Sensible alternatives to litigated divorceAs each marriage is unique, every divorce proceeding comes with its own set of unique issues and outcomes. Therefore, if you are considering ending your marriage, it is wise to become educated on the various options available. Many people believe inaccurately that litigation, the process where an action is brought to court by filing a Complaint and Answer, is the only option. It’s important to know, however, that other alternatives exist, which include do-it-yourself divorce, mediation, and collaborative divorce.

Do-It-Yourself Divorce

A DIY divorce may be appropriate in situations in which the marriage has been short-lived, there are no children, and the spouses have little to no assets or debt to split between them. In such circumstances, if the parties can work together amicably, a DIY divorce can save on expenses.


In this alternative process, the spouses work with a mediator who remains neutral and facilitates the spouses in reaching a divorce agreement that satisfies the needs of both of them.

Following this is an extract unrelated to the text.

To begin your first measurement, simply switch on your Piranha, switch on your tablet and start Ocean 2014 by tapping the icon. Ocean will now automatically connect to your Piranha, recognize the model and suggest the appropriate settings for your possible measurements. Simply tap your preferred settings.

The mediator is often an attorney or retired judge, but may include a mental health professional where custody and parenting time issues are to be resolved. Ideally, each spouse would consult with his or her own attorney throughout this process, and may choose for their attorneys to be present during the mediation. Mediation may work well for couples who wish to remain on good terms, keep proceedings discreet, and save on attorney fees.  The distinct advantage of mediation is that spouses work together to reach their own resolutions rather than having a court decide their outcome. Potential drawbacks to mediation include the inability to compel financial disclosure by one or both spouses, and there are often no lawyers to advise spouses on the law during the mediation process.

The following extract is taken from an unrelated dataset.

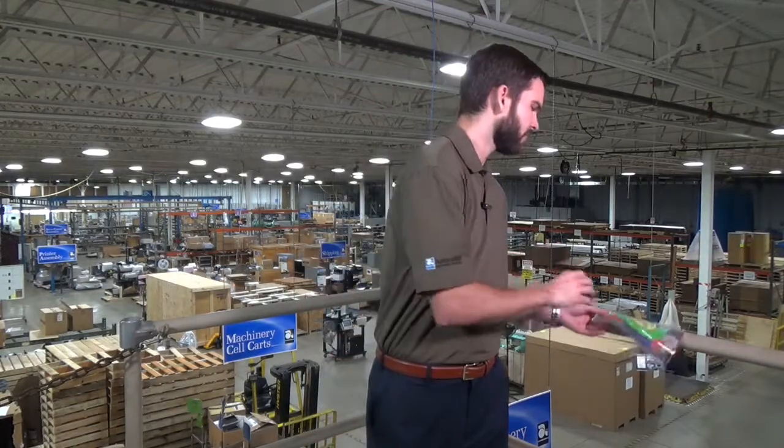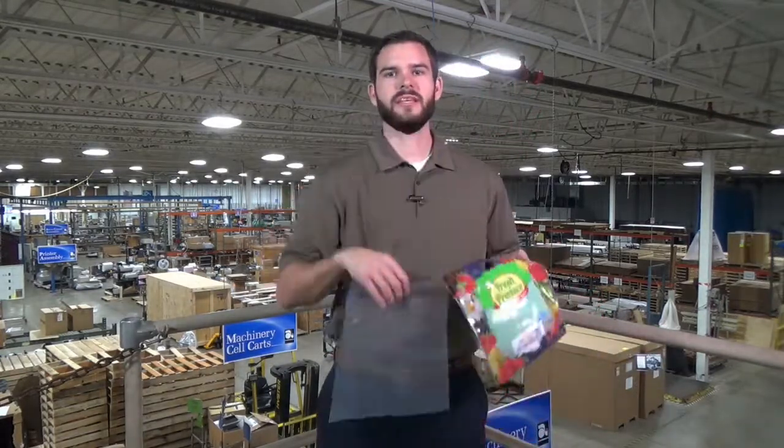Now that the printing plate is finished, it is ready to be mounted on a cylinder and printed using our flexographic presses. And that's how you go from this to this.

This method is also not a viable option for a couple in which one person is withholding information on assets, debts, and liabilities.

Collaborative Divorce

In a collaborative divorce, each spouse will retain an attorney with training in collaborative divorce. The role of the lawyers in a collaborative divorce is significantly different than in a conventional litigated divorce. For instance, during the collaborative divorce process, the attorneys will assist and advise their respective clients in negotiation for a settlement agreement. The collaborative method may also include the use of a neutral professional such as a financial planner or accountant, to advise on the financial implications of scenarios involving alimony or division of assets and debts. The collaborative divorce team may also include a divorce coach, a trained mental health professional to facilitate efficient movement of the case and to assist when emotional barriers arise. The chief benefits of the collaborative divorce process is that in addition to being much more cost-effective than litigation, the spouses control the outcome rather than the court. In addition, the divorce coach can be extremely effective in guiding the spouses to manage their emotions and communicate effectively.

The primary drawback associated with collaborative divorce is that in order for the process to be considered a “true” collaborative divorce, each spouse and their attorneys signs an agreement that requires each attorney to withdraw from representation in the event litigation arises. Spouses may choose, however to “opt out” of this requirement and proceed to a negotiated agreement while still retaining the benefits of this process.

The collaborative divorce process works well where either both spouses have knowledge of or are agreeable to being completely forthcoming with their assets, liabilities, and incomes. The collaborative process can be a highly efficient method to working out an equitable marital settlement agreement, and it can offer far less stressful and emotional ways to achieve mutually satisfactory outcomes.